Ustra diz que não ocultou cadáver, só o enterrou sob nome falso

Quarta, 15 de janeiro de 2014 
Por Celso Lungaretti
Quem acompanha meu trabalho, sabe que já em 2007 eu descria da possibilidade de se punir os torturadores da ditadura militar sem a revogação da anistia de 1979, que igualou algozes e vítimas. 

Vencidos pela facção de Nelson Jobim na luta então travada no seio do ministério, Tarso Genro e Paulo Vannuchi foram proibidos por Lula de continuarem pregando o necessário e indispensável, qual seja a revisão da Lei de Anistia. Aí, para salvarem as próprias imagens, indicaram à esquerda o caminho dos tribunais, que jamais desatariam o nó enquanto Executivo e Legislativo permanecessem de braços cruzados.

E o nó não foi mesmo desatado. O Supremo Tribunal Federal, numa das decisões mais aberrantes de sua História, em 2010 considerou válida a anistia que os carrascos concederam a si próprios em plena vigência da ditadura, usando os presos políticos e os exilados como moeda de troca e obtendo o aval de um Congresso descaracterizado e intimidado. 

Desde então, as ações civis e criminais contra os torturadores têm um desfecho anunciado: se condenados nas instâncias menores, os réus sabem que tranquilamente darão a volta por cima no STF. Os processos passaram a ter apenas efeito moral; são ingênuos os que sonham com penas de prisão e/ou pecuniárias, pois elas não virão enquanto não forem alteradas as regras do jogo (impostas pelo inimigo e não questionadas pelos pusilânimes do nosso lado quando a ditadura acabou).

Não foi nem um pouco significativa, portanto, a decisão da Justiça Federal de São Paulo, ao considerar prescrito o crime de ocultação de cadáver cometido pelo torturador-símbolo Carlos Alberto Brilhante Ustra e pelo delegado aposentado Alcides Singillo, que deram sumiço nos restos mortais do  militante Hirohaki Torigoe, repetindo a prática adotada pela repressão ditatorial em dezenas de outros casos. Se o Ministério Público Federal, autor da ação, transpusesse esta barreira, certamente tropeçaria numa posterior. Ustra e Singillo nada tinham a temer.

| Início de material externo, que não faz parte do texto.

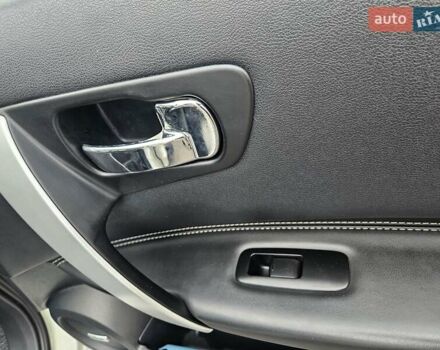 Білий Ніссан Кашкай 2, об'ємом двигуна 2 л та пробігом 187 тис. км за 10900 $, фото 70 на Automoto.ua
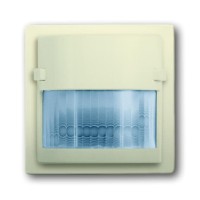 2CKA006800A2099 Датчик движения Busch-Wächter 180 UP Сенсор Комфорт II, с селективной линзой, для установки на механизмы 6401 U, 6402 U, 6812 U, 6804 U, 6593 U, 6805 U, серия Future/Axcent/Carat/Династия, цвет слоновая кость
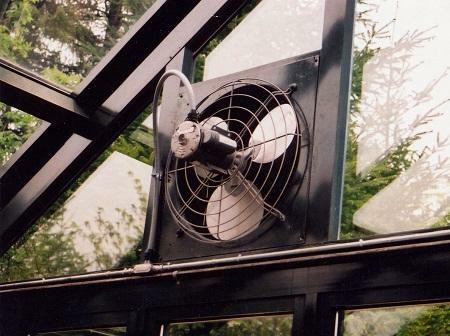 Ventilatori siltumnīcās var atšķirties biezuma un izmēra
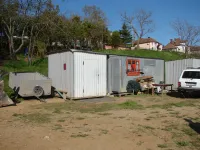 Новости » Общество: На зоне отдыха Сморжевского в Керчи появились вагончики строителей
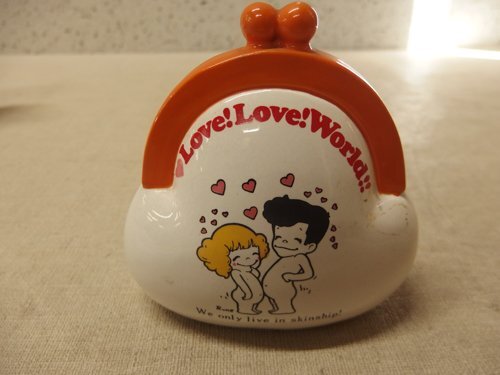 0440491w【Rune 内藤ルネ 陶器製 貯金箱】がま口型/カップルイラスト/Love!Love!World!!/中古品_画像1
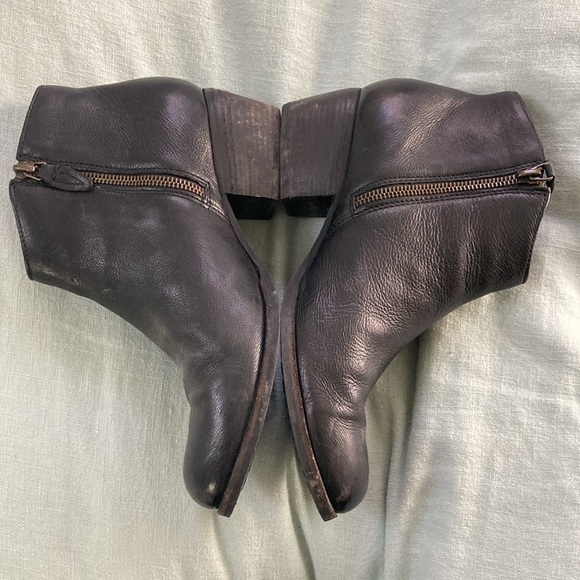 Clarks Artisan Maypearl Fawn Ankle Boots - Picture 2 of 8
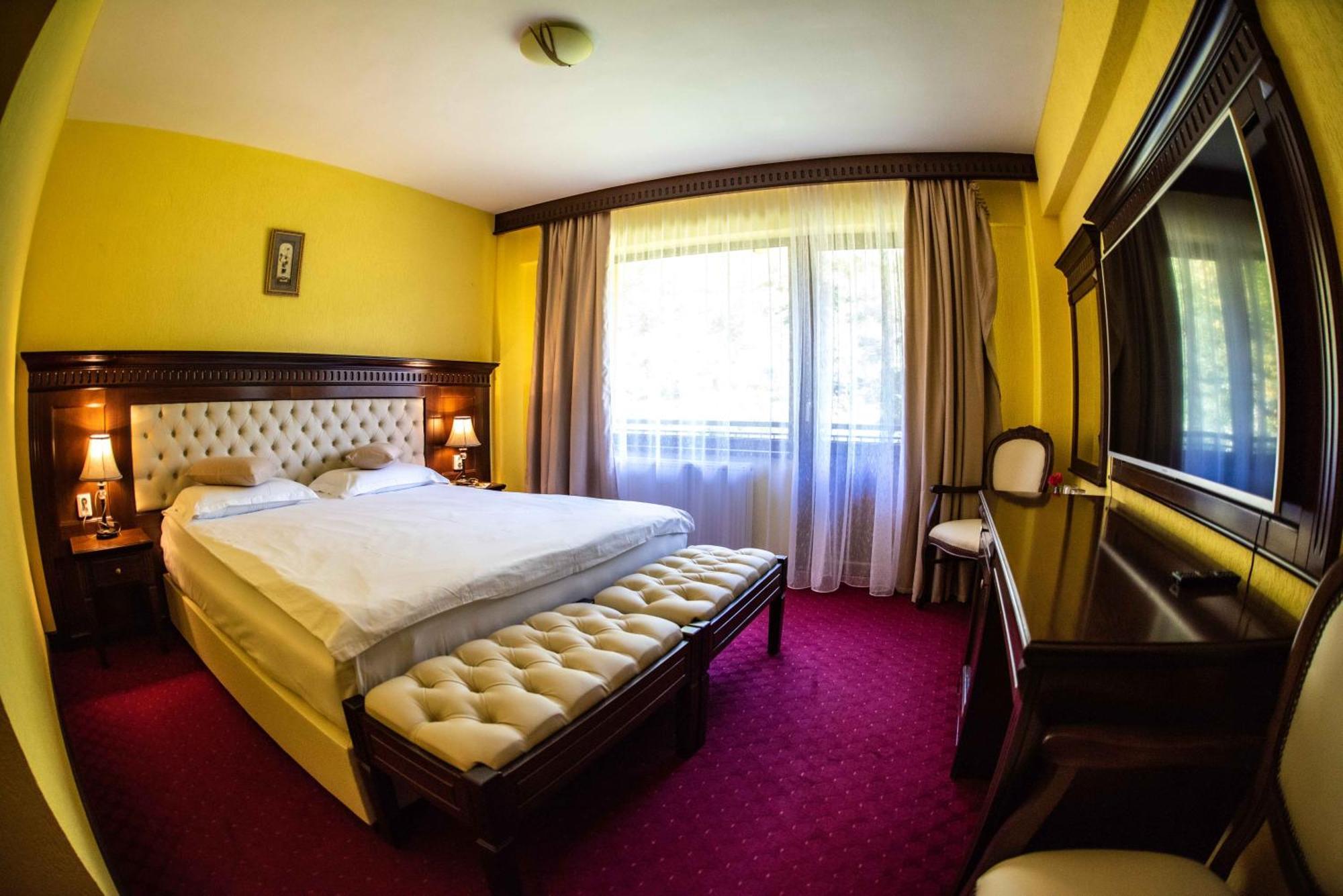 Hotel Trei Brazi ไบเลโอเลอเนชต์ ภายนอก รูปภาพ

O que vale um registro é a bizarra justificativa da defesa de Ustra. Os procuradores argumentavam que, como o cadáver não foi encontrado até hoje, tratava-se de um crime permanente. Os patronos do chefão do DOI-Codi paulista disseram que o corpo do Torigoe não está sumido, tendo sido enterrado com o nome falso que ele usaria no momento da prisão.

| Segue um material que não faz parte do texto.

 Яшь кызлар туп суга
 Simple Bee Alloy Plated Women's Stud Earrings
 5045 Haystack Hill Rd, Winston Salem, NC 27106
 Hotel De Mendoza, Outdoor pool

É o mesmo que admitir não só seu assassinato, mas a própria ocultação de cadáver, de vez que a repressão sempre conseguia identificar os defuntos que lhe interessavam.

Enfim, desta vez o Ustra conseguiu livrar a cara sem atirar a responsabilidade sobre seus superiores, como fez em outras ocasiões, implicitamente reconhecendo que servia a uma instituição genocida. 

No que, aliás, estava certíssimo: a culpa por todas as práticas hediondas começava no general que se fazia passar por presidente da República e se estendia para cada elo da cadeia de comando.